[Start of section]
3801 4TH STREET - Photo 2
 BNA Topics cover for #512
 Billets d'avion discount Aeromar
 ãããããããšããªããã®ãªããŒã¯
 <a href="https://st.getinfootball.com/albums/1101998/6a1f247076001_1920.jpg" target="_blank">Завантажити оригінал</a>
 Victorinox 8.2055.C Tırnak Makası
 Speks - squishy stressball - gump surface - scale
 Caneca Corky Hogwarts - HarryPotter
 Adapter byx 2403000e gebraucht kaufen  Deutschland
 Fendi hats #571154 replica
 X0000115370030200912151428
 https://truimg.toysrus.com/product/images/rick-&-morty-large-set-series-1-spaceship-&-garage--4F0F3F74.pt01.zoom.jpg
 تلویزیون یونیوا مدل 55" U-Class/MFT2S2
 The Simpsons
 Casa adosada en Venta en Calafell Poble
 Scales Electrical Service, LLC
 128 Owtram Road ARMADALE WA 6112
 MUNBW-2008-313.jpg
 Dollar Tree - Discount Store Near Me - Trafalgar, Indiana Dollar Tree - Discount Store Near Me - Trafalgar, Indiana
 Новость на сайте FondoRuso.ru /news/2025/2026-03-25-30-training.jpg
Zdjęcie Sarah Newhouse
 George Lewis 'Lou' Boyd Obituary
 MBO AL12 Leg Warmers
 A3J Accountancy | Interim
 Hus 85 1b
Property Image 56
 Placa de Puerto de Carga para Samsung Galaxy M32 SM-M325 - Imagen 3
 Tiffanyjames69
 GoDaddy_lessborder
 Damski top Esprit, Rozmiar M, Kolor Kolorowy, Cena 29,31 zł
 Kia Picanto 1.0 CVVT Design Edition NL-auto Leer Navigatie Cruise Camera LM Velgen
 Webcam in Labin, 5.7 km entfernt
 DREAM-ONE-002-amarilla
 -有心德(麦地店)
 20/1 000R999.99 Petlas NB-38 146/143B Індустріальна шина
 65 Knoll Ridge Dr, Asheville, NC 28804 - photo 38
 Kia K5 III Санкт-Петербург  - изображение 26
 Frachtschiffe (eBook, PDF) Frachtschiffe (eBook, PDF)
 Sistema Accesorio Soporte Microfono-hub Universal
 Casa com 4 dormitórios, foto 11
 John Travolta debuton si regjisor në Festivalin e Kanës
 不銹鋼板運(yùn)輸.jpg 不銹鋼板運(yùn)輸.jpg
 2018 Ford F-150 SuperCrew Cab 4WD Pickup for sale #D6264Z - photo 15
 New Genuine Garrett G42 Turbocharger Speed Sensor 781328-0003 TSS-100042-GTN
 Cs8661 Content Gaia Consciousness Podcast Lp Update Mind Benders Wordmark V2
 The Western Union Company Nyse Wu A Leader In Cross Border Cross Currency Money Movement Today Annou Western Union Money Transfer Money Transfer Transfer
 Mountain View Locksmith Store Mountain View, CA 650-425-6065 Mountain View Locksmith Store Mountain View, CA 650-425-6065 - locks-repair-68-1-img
[End of section]
Exercise brief ▸
Give every entry back exactly as it was written above.

Solution to this task ▸
3801 4TH STREET - Photo 2
 BNA Topics cover for #512
 Billets d'avion discount Aeromar
 ãããããããšããªããã®ãªããŒã¯
 <a href="https://st.getinfootball.com/albums/1101998/6a1f247076001_1920.jpg" target="_blank">Завантажити оригінал</a>
 Victorinox 8.2055.C Tırnak Makası
 Speks - squishy stressball - gump surface - scale
 Caneca Corky Hogwarts - HarryPotter
 Adapter byx 2403000e gebraucht kaufen  Deutschland
 Fendi hats #571154 replica
 X0000115370030200912151428
 https://truimg.toysrus.com/product/images/rick-&-morty-large-set-series-1-spaceship-&-garage--4F0F3F74.pt01.zoom.jpg
 تلویزیون یونیوا مدل 55" U-Class/MFT2S2
 The Simpsons
 Casa adosada en Venta en Calafell Poble
 Scales Electrical Service, LLC
 128 Owtram Road ARMADALE WA 6112
 MUNBW-2008-313.jpg
 Dollar Tree - Discount Store Near Me - Trafalgar, Indiana Dollar Tree - Discount Store Near Me - Trafalgar, Indiana
 Новость на сайте FondoRuso.ru /news/2025/2026-03-25-30-training.jpg
Zdjęcie Sarah Newhouse
 George Lewis 'Lou' Boyd Obituary
 MBO AL12 Leg Warmers
 A3J Accountancy | Interim
 Hus 85 1b
Property Image 56
 Placa de Puerto de Carga para Samsung Galaxy M32 SM-M325 - Imagen 3
 Tiffanyjames69
 GoDaddy_lessborder
 Damski top Esprit, Rozmiar M, Kolor Kolorowy, Cena 29,31 zł
 Kia Picanto 1.0 CVVT Design Edition NL-auto Leer Navigatie Cruise Camera LM Velgen
 Webcam in Labin, 5.7 km entfernt
 DREAM-ONE-002-amarilla
 -有心德(麦地店)
 20/1 000R999.99 Petlas NB-38 146/143B Індустріальна шина
 65 Knoll Ridge Dr, Asheville, NC 28804 - photo 38
 Kia K5 III Санкт-Петербург  - изображение 26
 Frachtschiffe (eBook, PDF) Frachtschiffe (eBook, PDF)
 Sistema Accesorio Soporte Microfono-hub Universal
 Casa com 4 dormitórios, foto 11
 John Travolta debuton si regjisor në Festivalin e Kanës
 不銹鋼板運(yùn)輸.jpg 不銹鋼板運(yùn)輸.jpg
 2018 Ford F-150 SuperCrew Cab 4WD Pickup for sale #D6264Z - photo 15
 New Genuine Garrett G42 Turbocharger Speed Sensor 781328-0003 TSS-100042-GTN
 Cs8661 Content Gaia Consciousness Podcast Lp Update Mind Benders Wordmark V2
 The Western Union Company Nyse Wu A Leader In Cross Border Cross Currency Money Movement Today Annou Western Union Money Transfer Money Transfer Transfer
 Mountain View Locksmith Store Mountain View, CA 650-425-6065 Mountain View Locksmith Store Mountain View, CA 650-425-6065 - locks-repair-68-1-img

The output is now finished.